*ACTIVITY*
Word for word, transcribe the listing that follows, minus any pictures.
Top of THE DATA
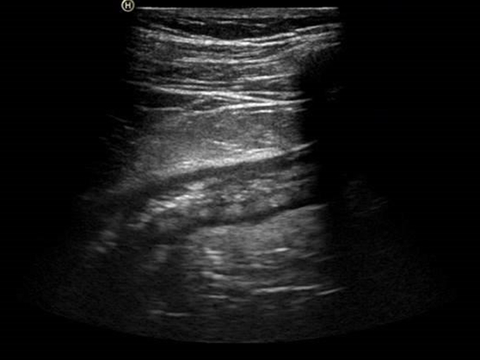 Die Sonografie zeigt eine Divertikulitis mit Imbibierung des umliegenden Fettgewebes. Das heißt, dass das Gewebe durchtränkt von Flüssigkeiten ist.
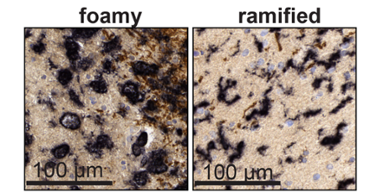 On the left, you can see foamy microglia filled with fat particles, associated with severe MS progression. On the right, you can see branched macrophages associated with normal brain function.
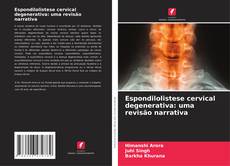 Bookcover of Espondilolistese cervical degenerativa: uma revisão narrativa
Bottom of THE DATA
*ANSWER BELOW*
 Die Sonografie zeigt eine Divertikulitis mit Imbibierung des umliegenden Fettgewebes. Das heißt, dass das Gewebe durchtränkt von Flüssigkeiten ist.
 On the left, you can see foamy microglia filled with fat particles, associated with severe MS progression. On the right, you can see branched macrophages associated with normal brain function.
 Bookcover of Espondilolistese cervical degenerativa: uma revisão narrativa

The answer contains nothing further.